Records provided
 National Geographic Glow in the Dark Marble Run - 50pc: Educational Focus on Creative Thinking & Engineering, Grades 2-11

---

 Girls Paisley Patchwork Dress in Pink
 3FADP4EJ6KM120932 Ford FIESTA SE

Instructions to follow
Working from the records above, write out verbatim only the lines from the line containing "Girls Paisley Patchwork Dress in Pink" through the line containing "3FADP4EJ6KM120932 Ford FIESTA SE".

Answer section
 Girls Paisley Patchwork Dress in Pink
 3FADP4EJ6KM120932 Ford FIESTA SE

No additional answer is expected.